Garbage Dreams

Teenage Wasteland: Doc Soup Screens Garbage Dreams

In Garbage Dreams, the March 17th installment of the Doc Soup screening series, filmmaker Mai Iskander follows three teen boys raised on the outskirts of Cairo - literally in a dump. Their community, the Zaballeen, has an economy that relies entirely on the collection, sorting, washing, and reselling of rubbish... and I thought opportunities were limited as a kid growing up in Northern Ontario.

Turns out some 60,000 Coptic Christians survive by recycling trash in Egypt. They go by the name Zaballeen (which translates to "garbage people"). They eat, sleep, play, work, and live surrounded by piles of garbage.

Although I've seen docs about this intriguing culture before, Mai Iskander (who will be present for a Q & A after the screening) takes on the subject with greater depth as a coming of age story. Shot over the course of four years, Garbage Dreams captures not only the Zaballeen lifestyle, but the formative teen years when these three boys are faced with taking responsibility for their families while the industry shifts their work to multinational garbage disposal companies.

Throughout the film, the grit and grind is tempered with the boys' hopes and dreams for the future.

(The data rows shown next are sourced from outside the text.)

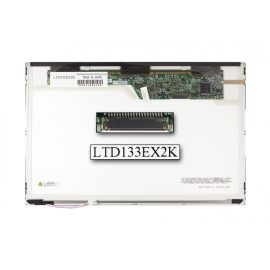   Toshiba (LTD133EX2K) 13.3' CCFL 20 pines gyári új fényes kijelző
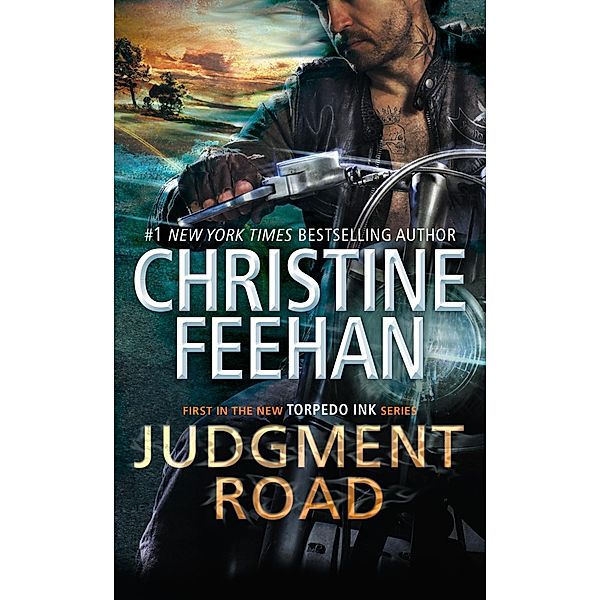 Judgment Road / Torpedo Ink Bd.1, Christine Feehan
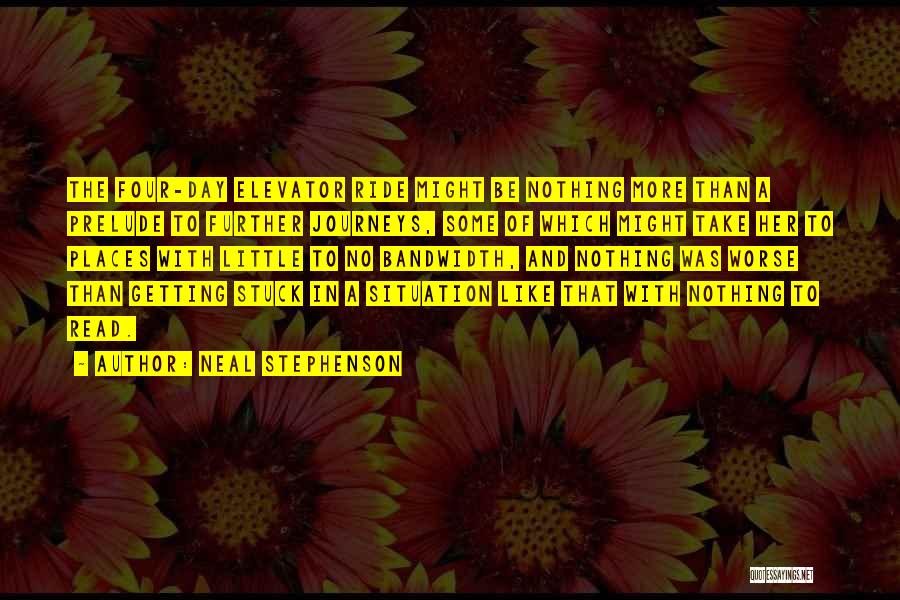 Neal Stephenson Quotes 750079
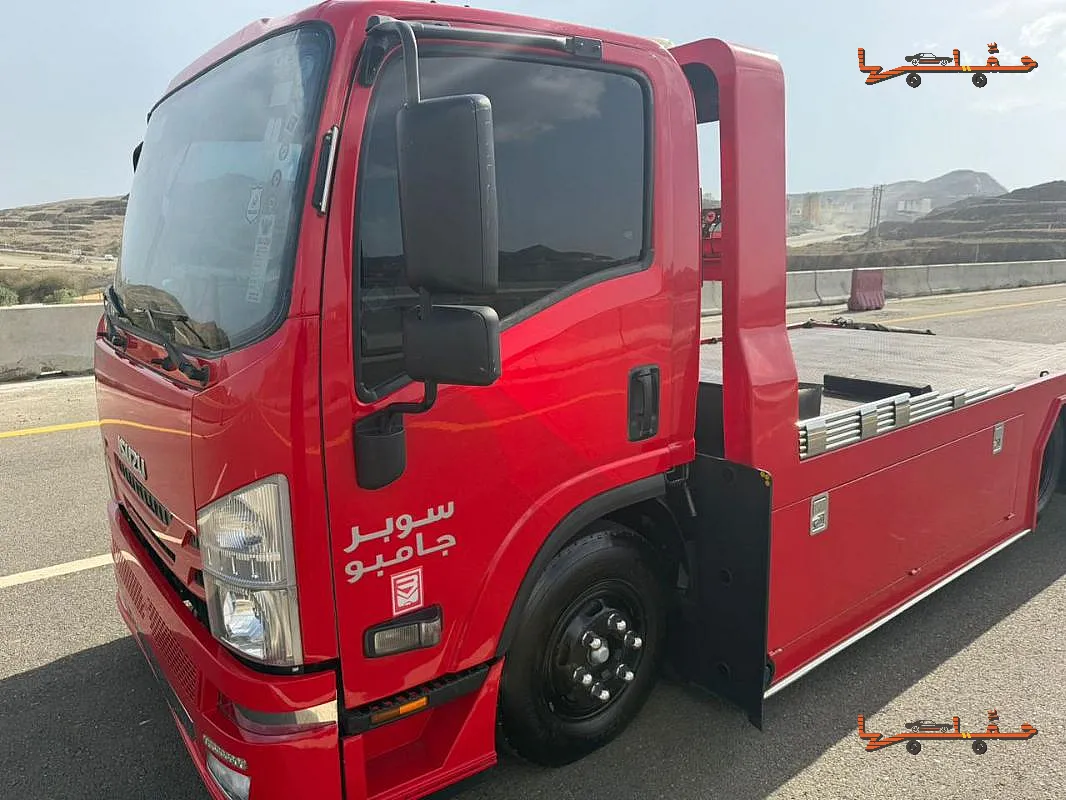 نقل سيارات بين المدن - سطحه جنوب الرياض في الرياض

And over at Hot Docs, there is only one Doc Soup screening left to warm us up for North America's largest documentary festival - kicking off on April 29, 2010. The documentary Box Office opens today on the lower level of Hazelton Lanes (55 Avenue Road). Early bird passes are available for one more week (until March 22, you get two additional tickets).

Oh, and the full 17th annual Hot Docs lineup with 170+ documentaries from Canada and around the world will be announced next Tuesday, March 23, 2010.

Garbage Dreams screens Wednesday, March 17, 2010 at the Bloor Cinema. Advance tickets for the 6:30 pm screening are now sold out, but may be available at the door on the night of the screening. Tickets for the 9:15 pm screening are $12 in advance online.